Once you find the line with "Maxcorners Fishing Ocean" in the entries below, print it and each line after it up to and including the line with "Snowman Papa &", exactly, without pictures.

· · · · · · ·

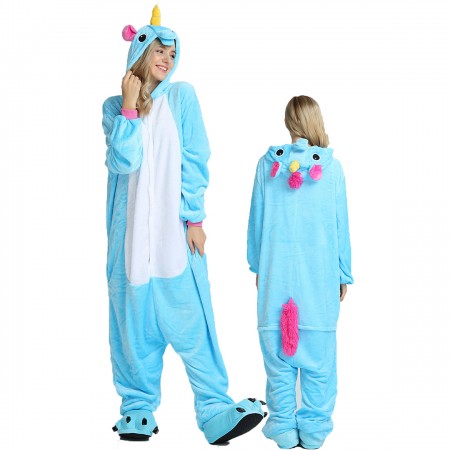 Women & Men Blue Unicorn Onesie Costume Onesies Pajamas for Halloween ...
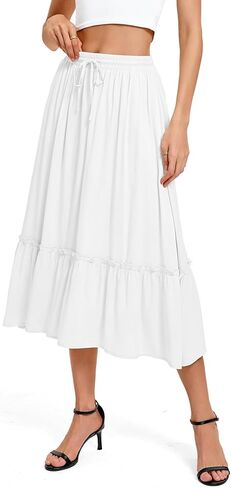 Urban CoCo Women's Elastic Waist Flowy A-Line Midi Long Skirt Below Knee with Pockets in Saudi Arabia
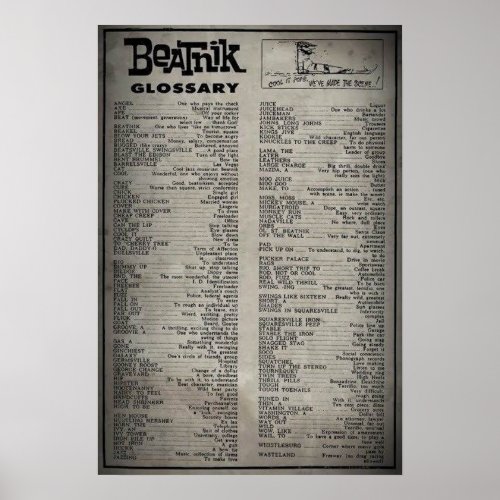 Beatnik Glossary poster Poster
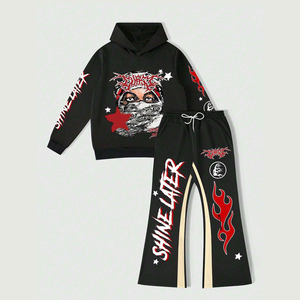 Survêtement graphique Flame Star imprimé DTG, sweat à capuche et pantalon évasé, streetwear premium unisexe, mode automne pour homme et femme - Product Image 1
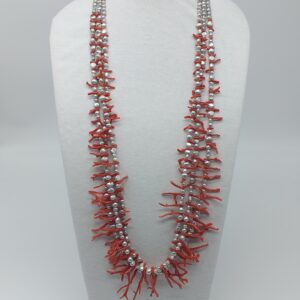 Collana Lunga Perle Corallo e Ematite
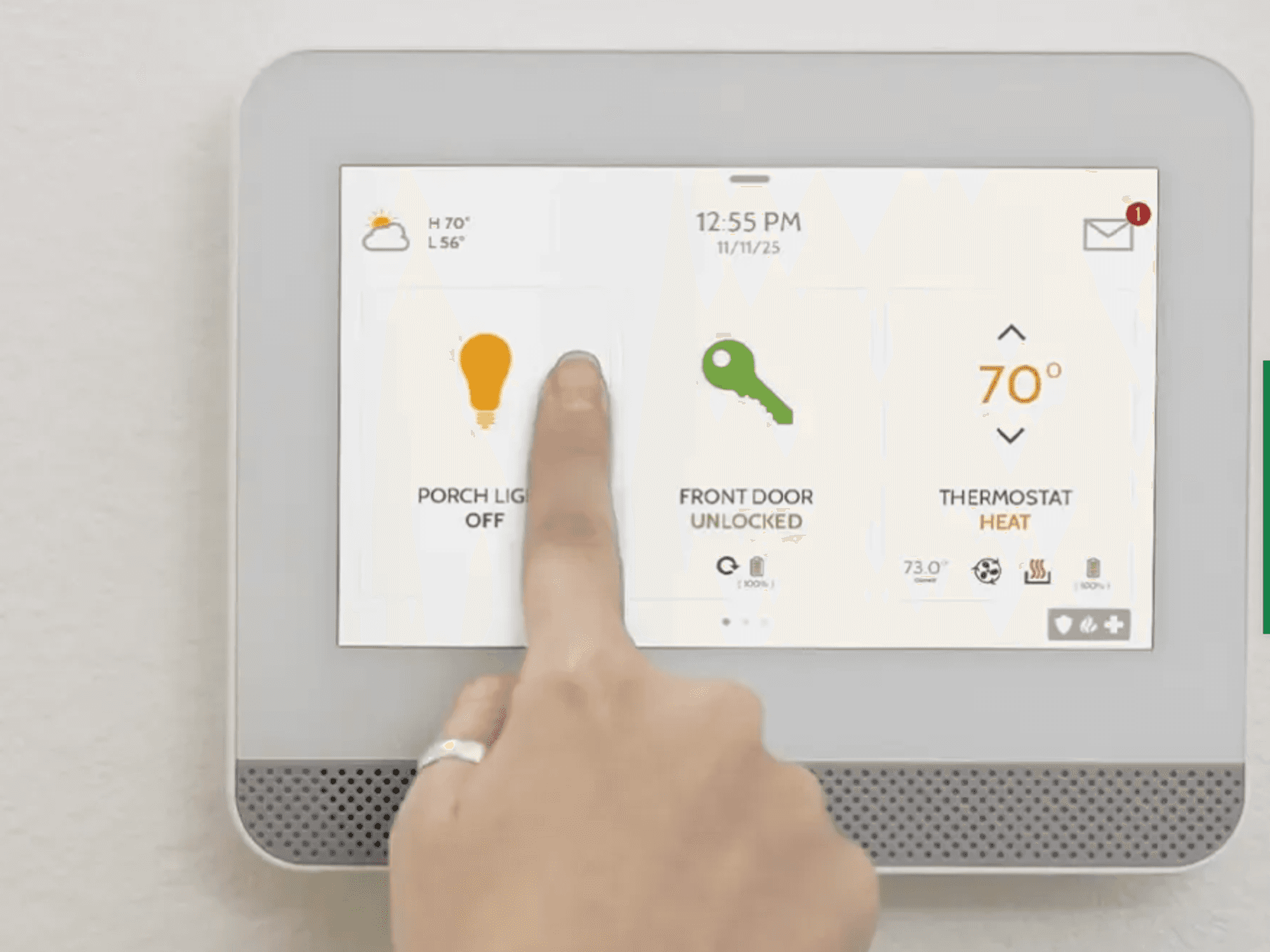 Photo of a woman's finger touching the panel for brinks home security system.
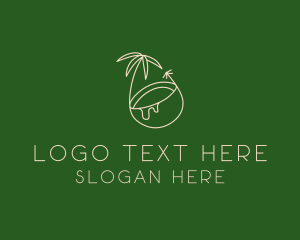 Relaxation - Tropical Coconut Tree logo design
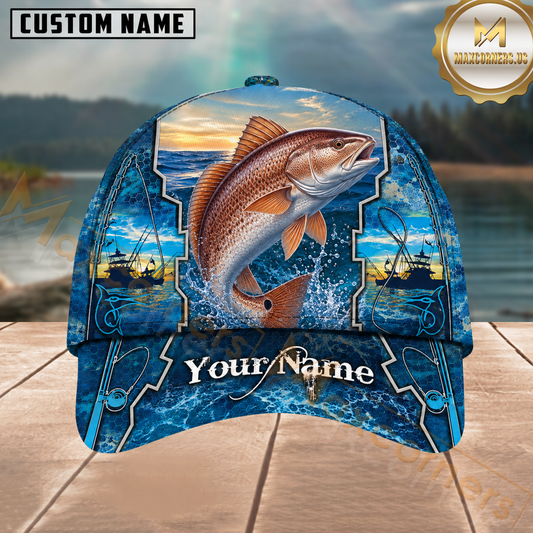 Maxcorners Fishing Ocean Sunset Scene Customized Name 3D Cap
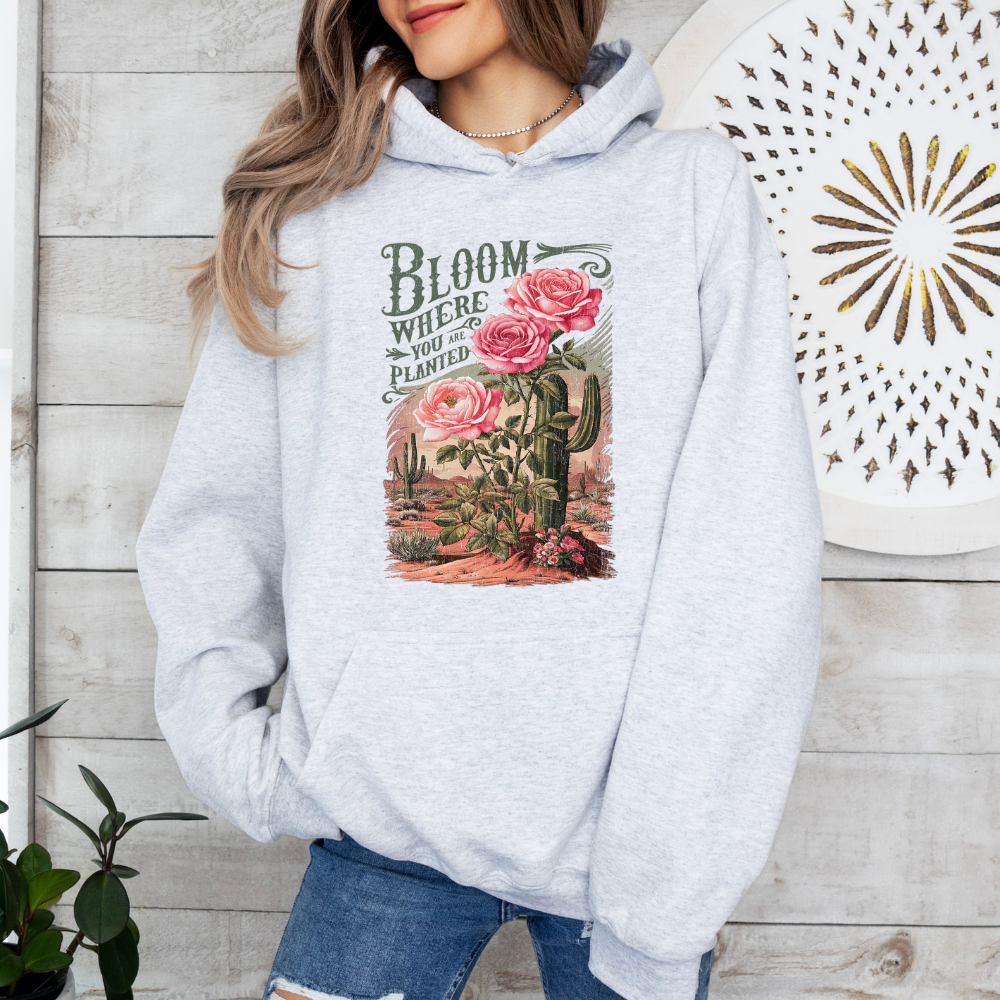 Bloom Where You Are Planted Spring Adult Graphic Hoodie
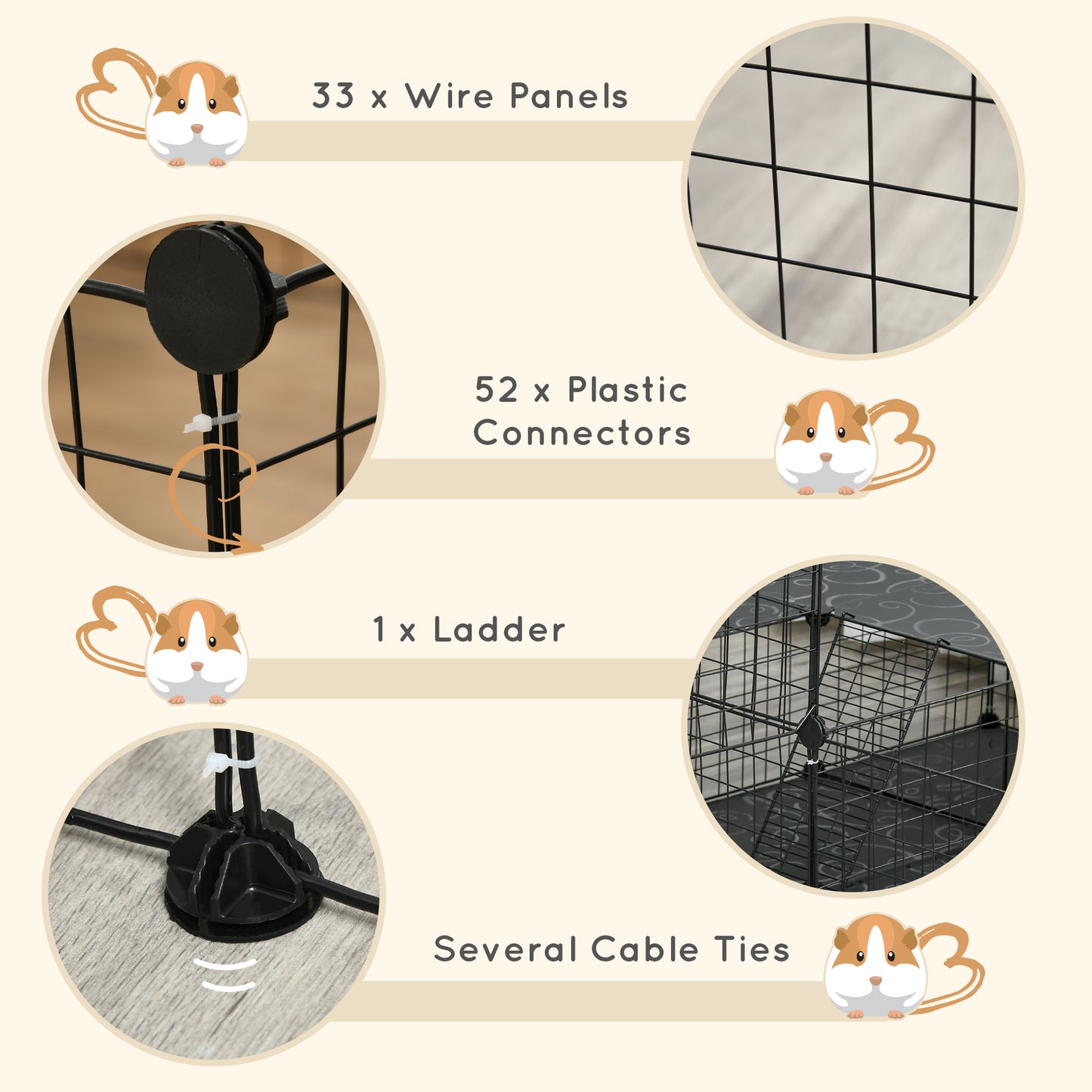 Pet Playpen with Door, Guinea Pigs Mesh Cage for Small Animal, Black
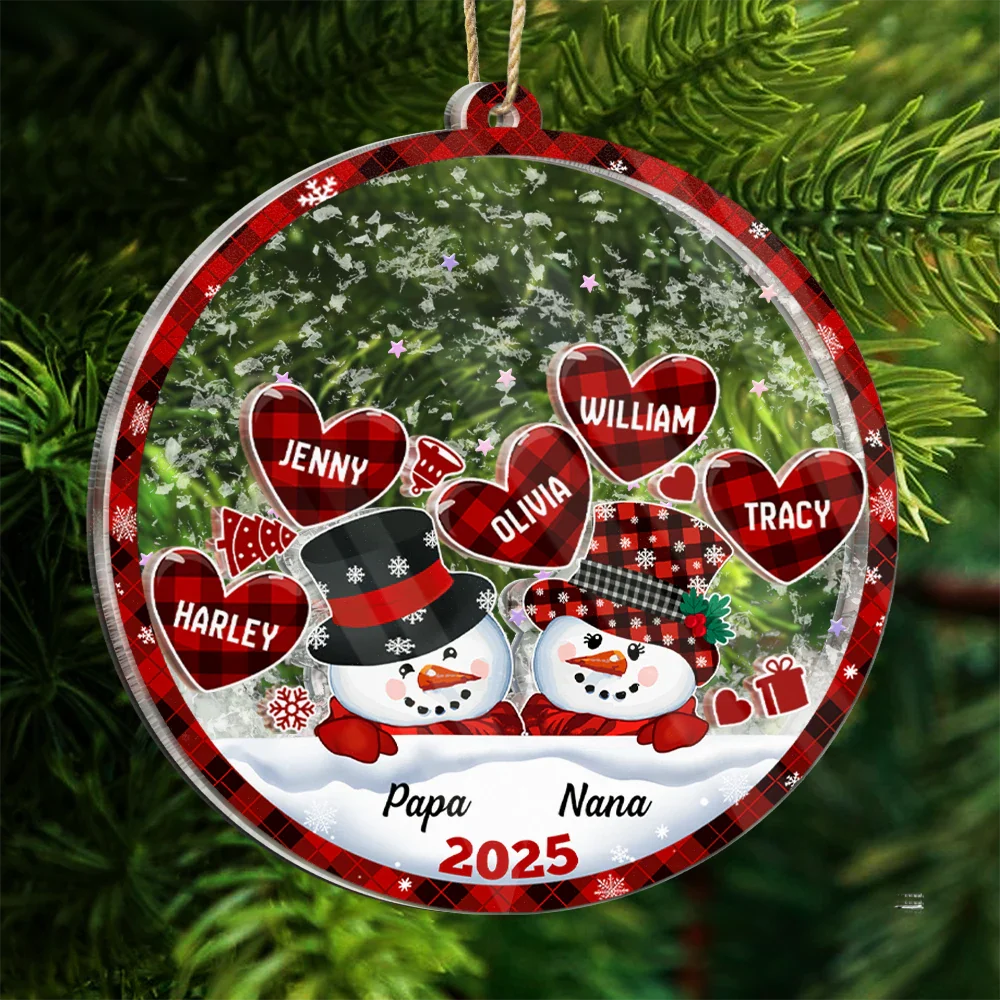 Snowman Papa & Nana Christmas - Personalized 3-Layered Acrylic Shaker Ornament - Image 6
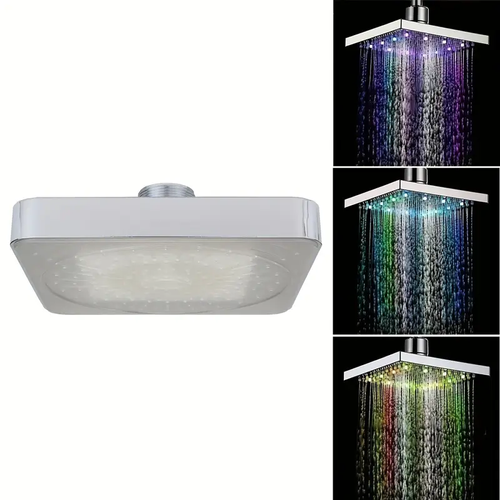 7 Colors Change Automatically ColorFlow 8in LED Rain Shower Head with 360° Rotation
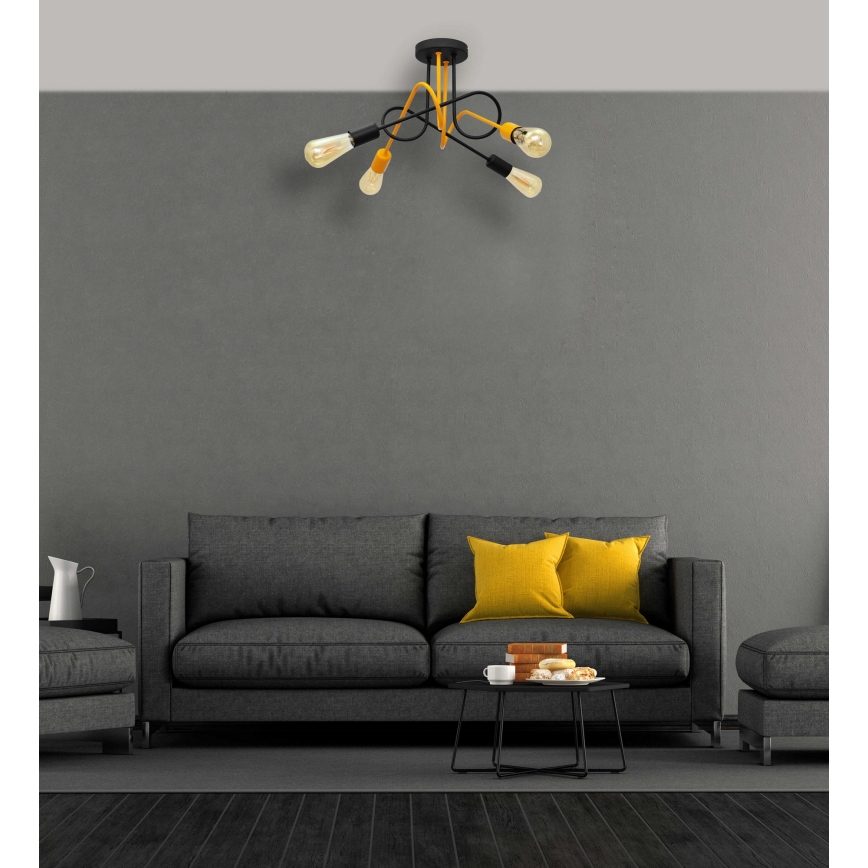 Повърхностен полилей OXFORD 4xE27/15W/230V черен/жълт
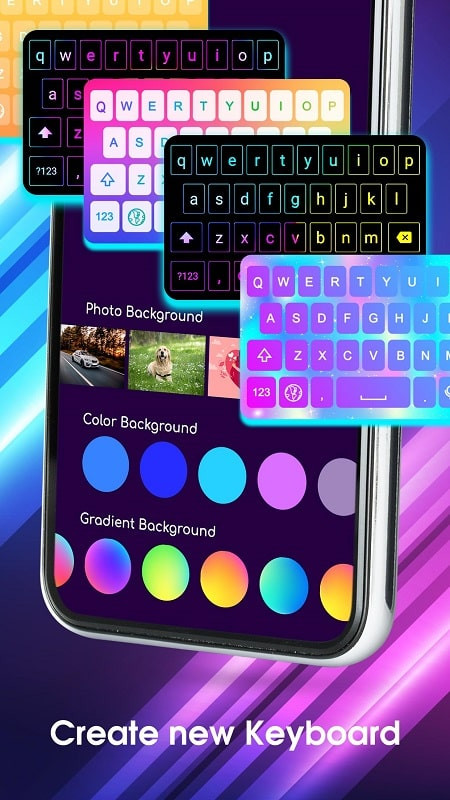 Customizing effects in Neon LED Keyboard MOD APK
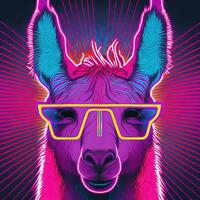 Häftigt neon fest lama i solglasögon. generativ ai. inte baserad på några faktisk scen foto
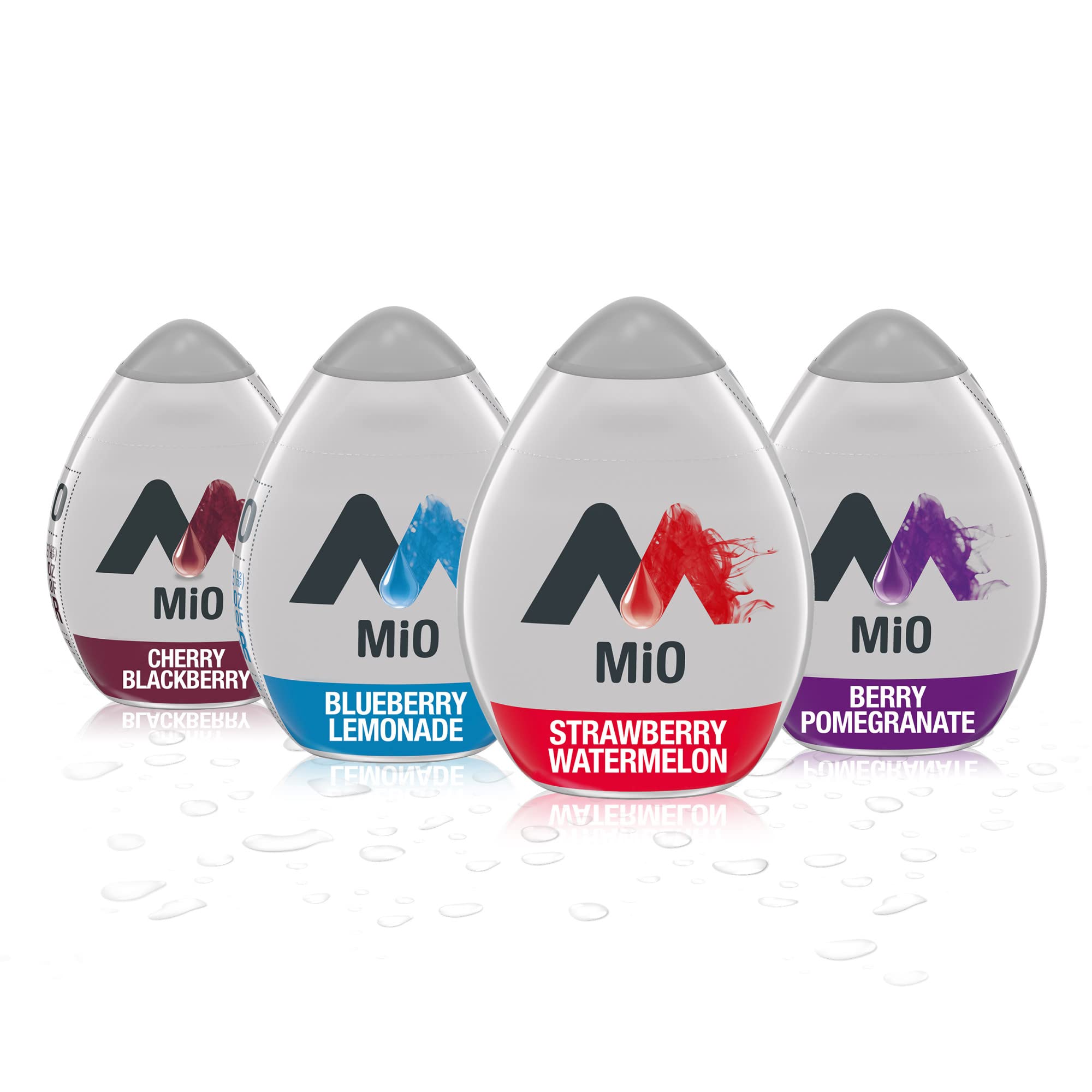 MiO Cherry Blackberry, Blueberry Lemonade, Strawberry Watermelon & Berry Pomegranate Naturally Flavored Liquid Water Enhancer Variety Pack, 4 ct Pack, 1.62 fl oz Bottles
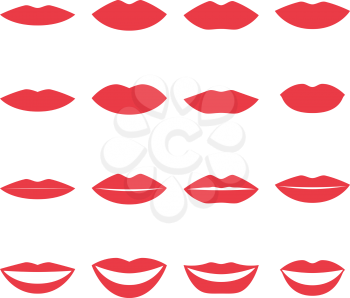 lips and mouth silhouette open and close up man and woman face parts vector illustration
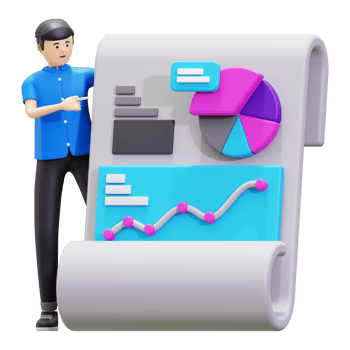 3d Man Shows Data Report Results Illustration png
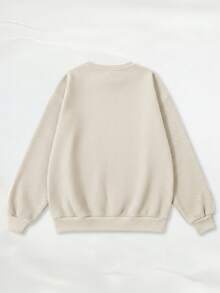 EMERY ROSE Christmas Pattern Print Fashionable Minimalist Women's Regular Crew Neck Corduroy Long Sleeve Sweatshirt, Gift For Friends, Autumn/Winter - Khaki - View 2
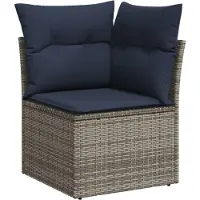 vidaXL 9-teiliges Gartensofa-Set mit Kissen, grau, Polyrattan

· · · · · · ·

• _RESPONSE_:
 Maxcorners Fishing Ocean Sunset Scene Customized Name 3D Cap
 Bloom Where You Are Planted Spring Adult Graphic Hoodie
 Pet Playpen with Door, Guinea Pigs Mesh Cage for Small Animal, Black
 Snowman Papa & Nana Christmas - Personalized 3-Layered Acrylic Shaker Ornament - Image 6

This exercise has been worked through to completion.